Work to complete |
Nothing but the lines below from the one that contains "2876 Quincy Drive, Troy, MI 48085" through the one that contains "Alu kola Japan" should be retyped, exactly and including both ends. Do not include pictures.

Extracted information |
● ● ● ● ● ● ●

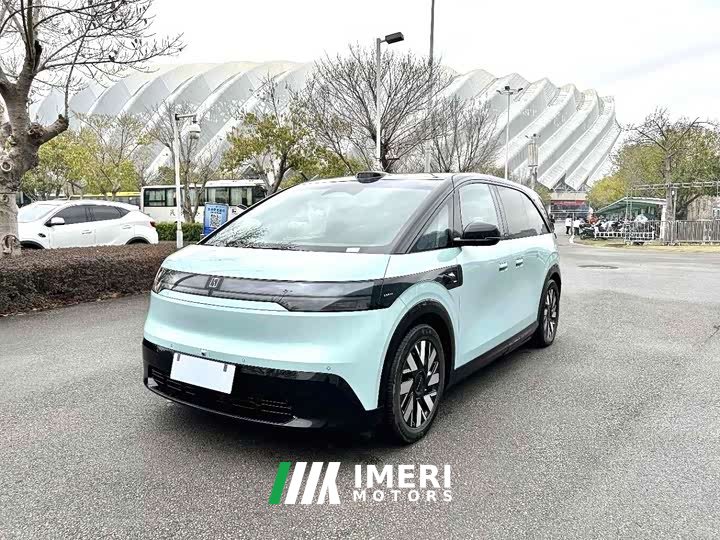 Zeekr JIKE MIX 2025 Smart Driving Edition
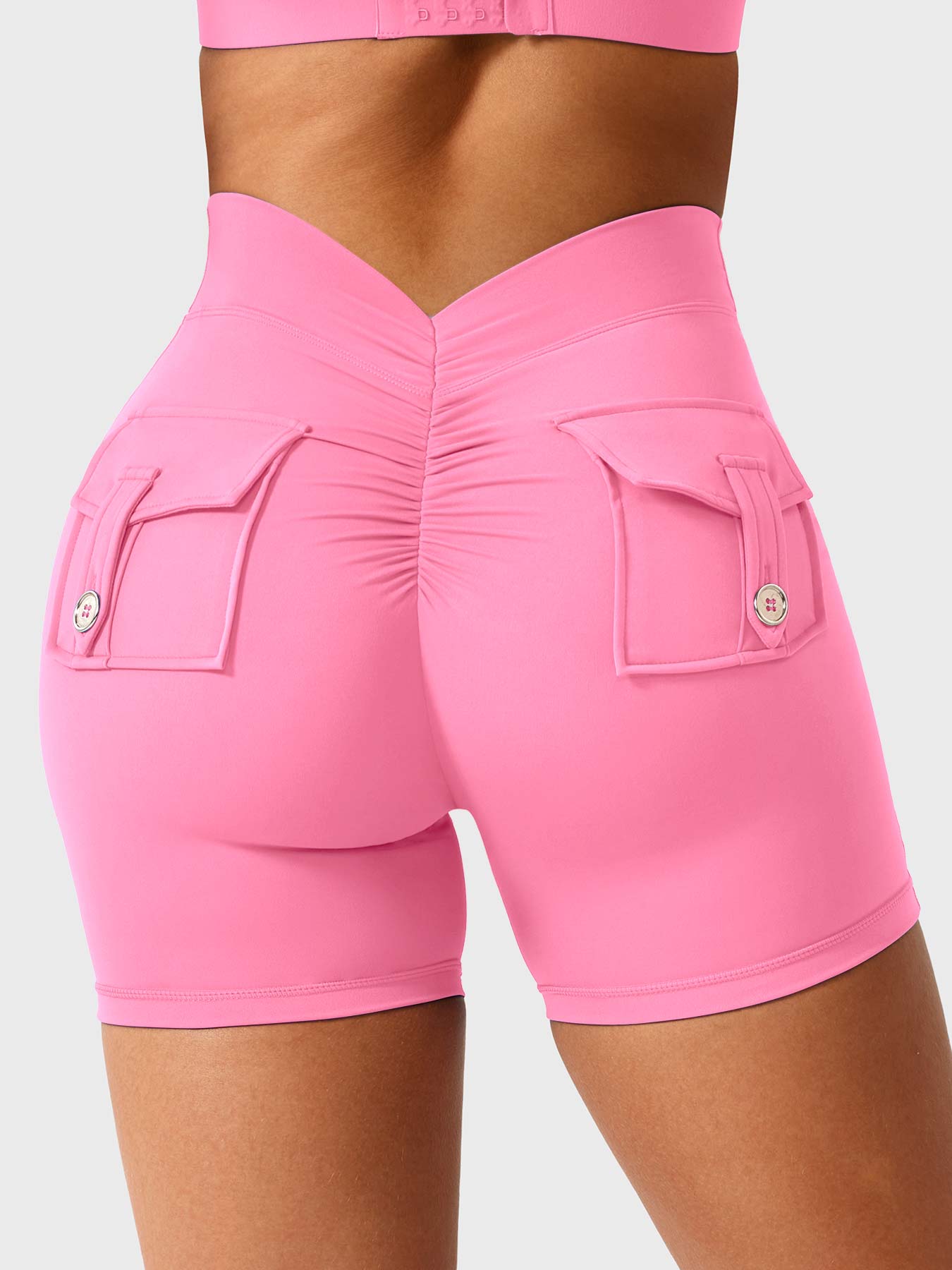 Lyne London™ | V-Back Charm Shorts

● ● ● ● ● ● ●

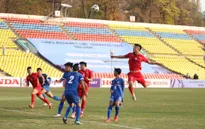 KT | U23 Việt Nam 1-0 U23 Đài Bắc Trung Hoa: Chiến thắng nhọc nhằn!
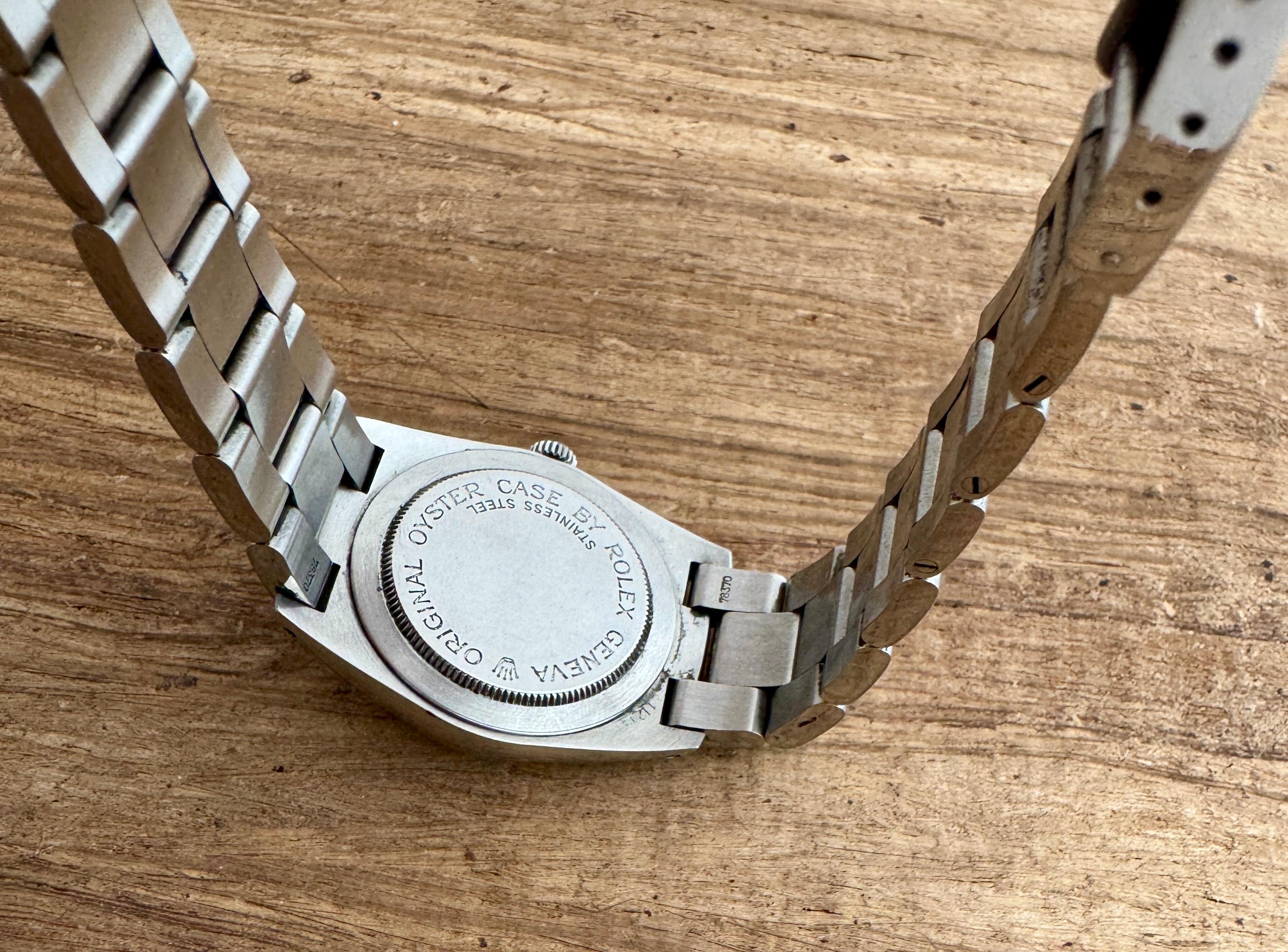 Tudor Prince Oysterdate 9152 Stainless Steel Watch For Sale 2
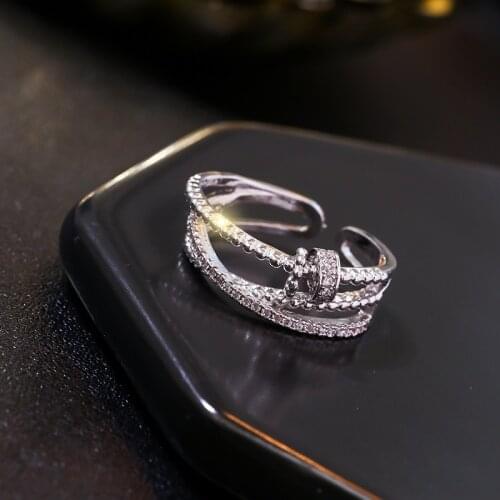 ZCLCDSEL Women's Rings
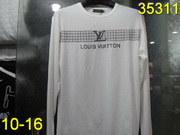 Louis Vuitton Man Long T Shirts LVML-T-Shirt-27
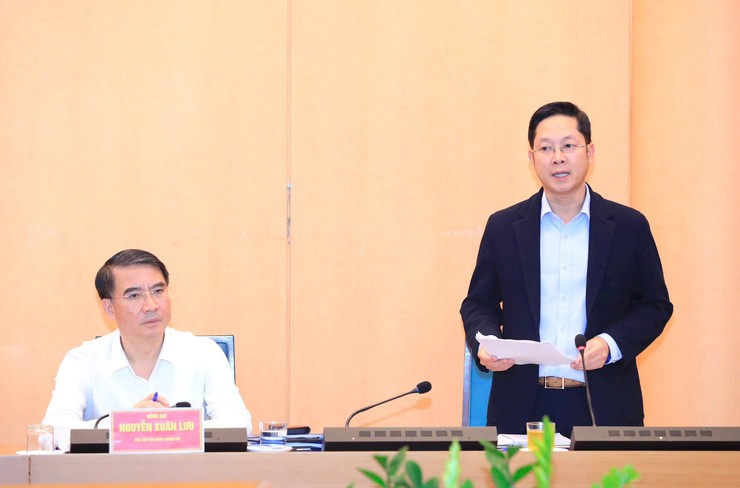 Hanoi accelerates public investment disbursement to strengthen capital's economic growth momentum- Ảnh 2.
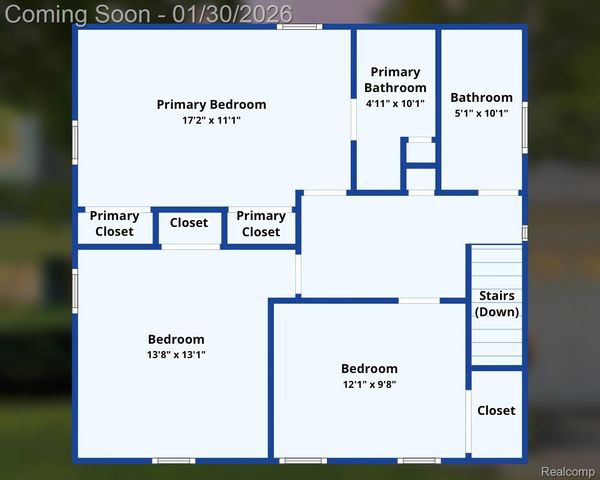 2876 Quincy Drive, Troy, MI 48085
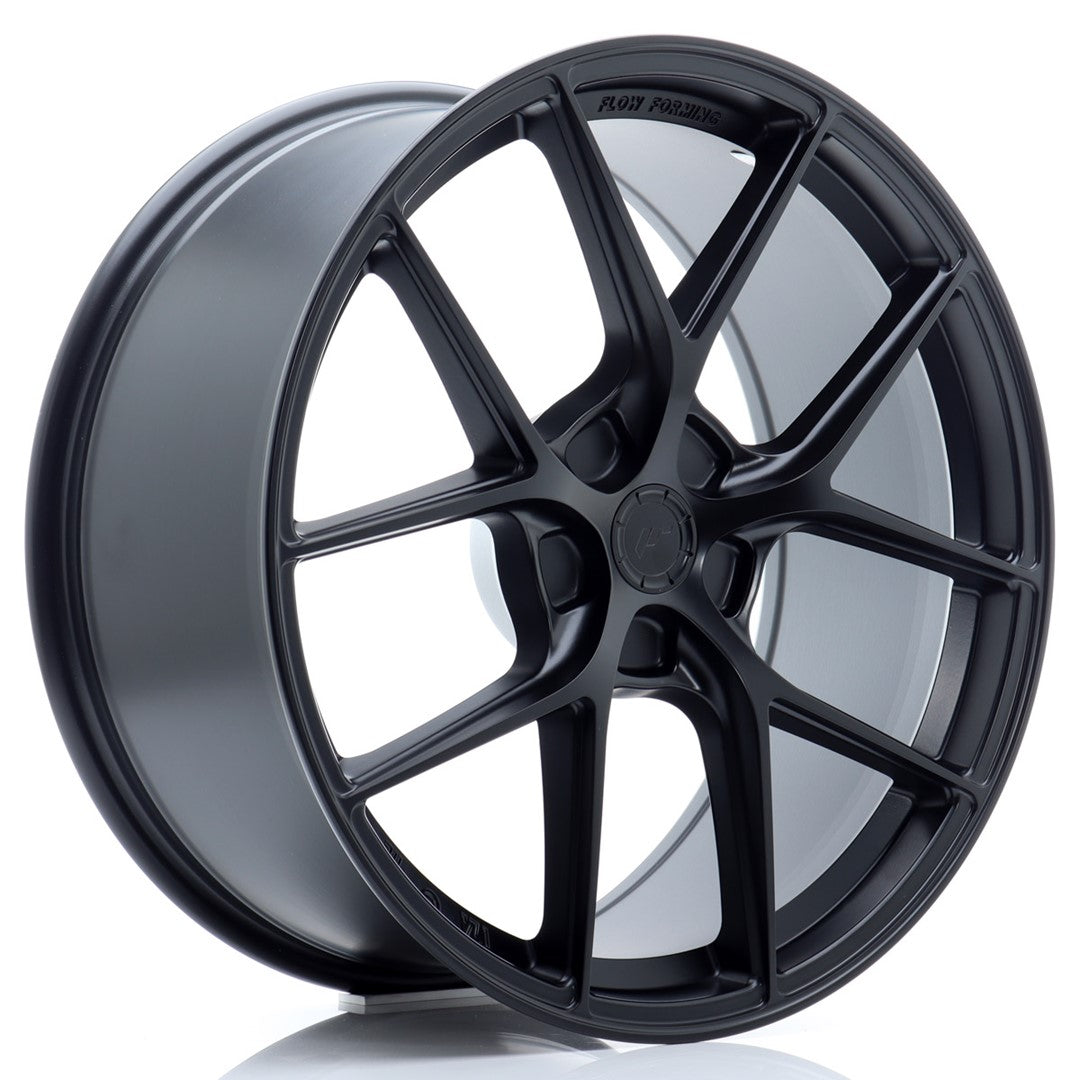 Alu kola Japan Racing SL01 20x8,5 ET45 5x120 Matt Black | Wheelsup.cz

● ● ● ● ● ● ●

Exercise response |
 2876 Quincy Drive, Troy, MI 48085
 Alu kola Japan Racing SL01 20x8,5 ET45 5x120 Matt Black | Wheelsup.cz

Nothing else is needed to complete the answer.